In June, Microsoft reversed course on the Xbox One's 'always-on' Internet requirement, while also announcing that it would not be imposing any limitations on using and sharing games as previously planned. Both of those early Xbox One protocols faced scathing backlash from gamers.
Now it seems that Microsoft has also quietly amended a previously understood requirement which tied the console and its Kinect motion sensor accessory together at the hip.
It turns out that the Xbox One will run perfectly fine even if Kinect isn't, well, connected to it, according to chief Xbox One platform architect Marc Whitten.
Speaking with IGN, Whitten revealed that "like online, the console will still function if Kinect isn't plugged in, although you won't be able to use any feature or experience that explicitly uses the sensor."
That doesn't mean gamers will be able to avoid buying the accessory, however. Microsoft's upgraded Kinect will still ship with the Xbox One. It just won't render the whole system a brick if it breaks or is powered off, or if some folks who've expressed privacy concerns over the Redmond-based firm's potential for capturing and tracking the movements of Xbox One users simply want to shut it down permanently.
How "off" can the sensor be without affecting non-Kinect-related Xbox One functionality? In case there are still some sceptics out there, here's what Whitten told IGN:
"You have the ability to completely turn the sensor off in your settings. When in this mode, the sensor is not collecting any information. Any functionality that relies on voice, video, gesture, or more won't work. We still support using it for IR blasting in this mode. You can turn the sensor back on at any time through settings, and if you enter into a required Kinect experience (like Kinect Sports Rivals for instance), you'll get a message asking if you want to turn the sensor back on in order to continue."
Whitten also confirmed that the Xbox One will ship with a mono audio headset, as seen in a recent in-house unboxing video, which he said features improved audio quality that "is night and day compared to chat on the Xbox 360." The Xbox One platform architect also told IGN that gamers' Xbox 360 avatars will transfer over to the new console, elaborated on how Live Arcade will work on the Xbox One dashboard, talked resolutions and frame rates for Game DVR video captures, and more.

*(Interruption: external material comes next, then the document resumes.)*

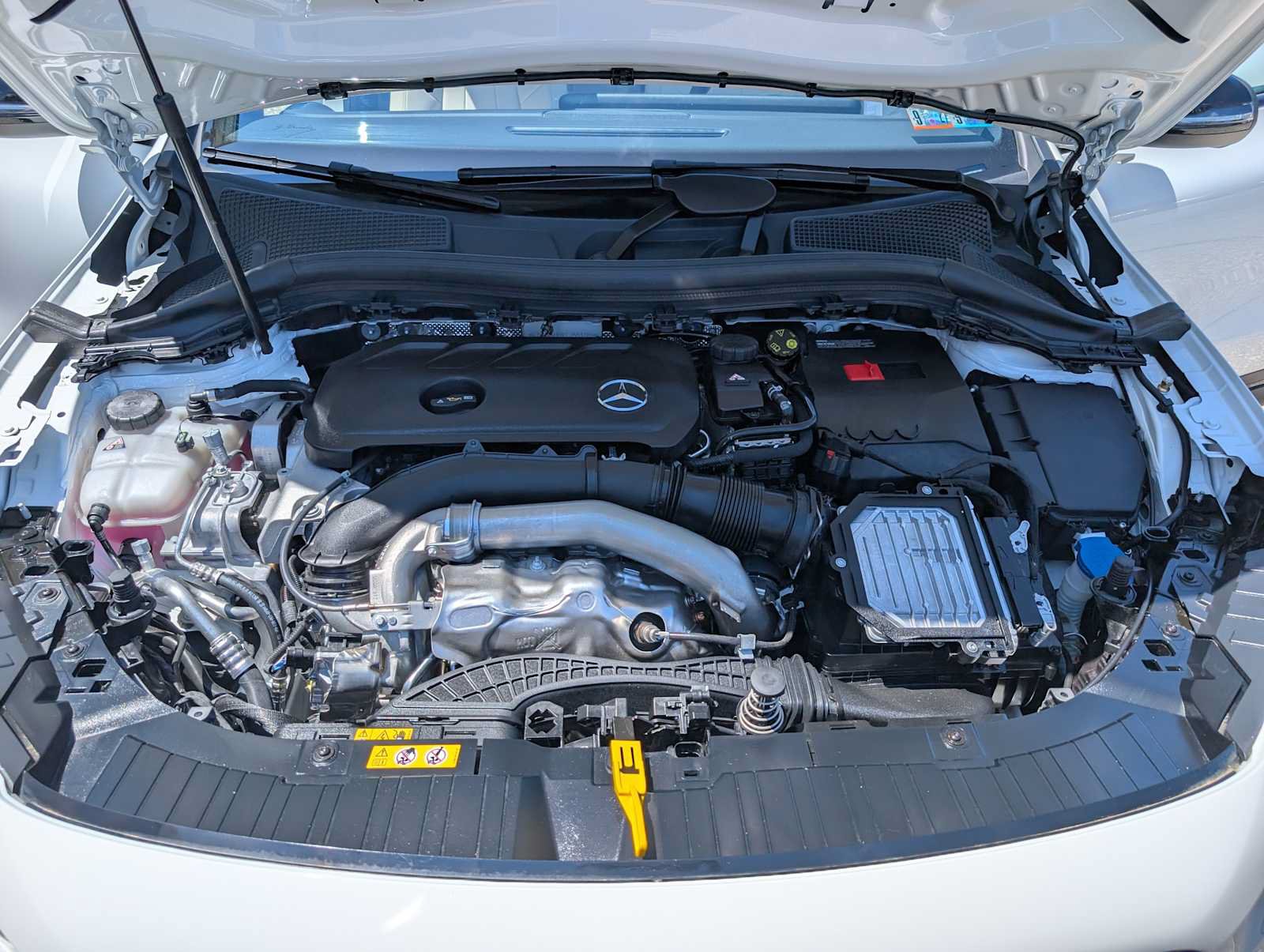 New 2026 Mercedes-Benz GLA 250 4MATIC image 11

It will be interesting to see if Microsoft's apparent willingness to respond to the concerns of Xbox users translates into robust sales - and bullish financial results - once the system is released, as the console market looks like being as heavily saturated as ever going into the lucrative holiday shopping season.
In addition to the Xbox One, rival Sony is set to release its PlayStation 4, while Amazon is rumoured to be prepping a budget Android console in a move to disrupt the market.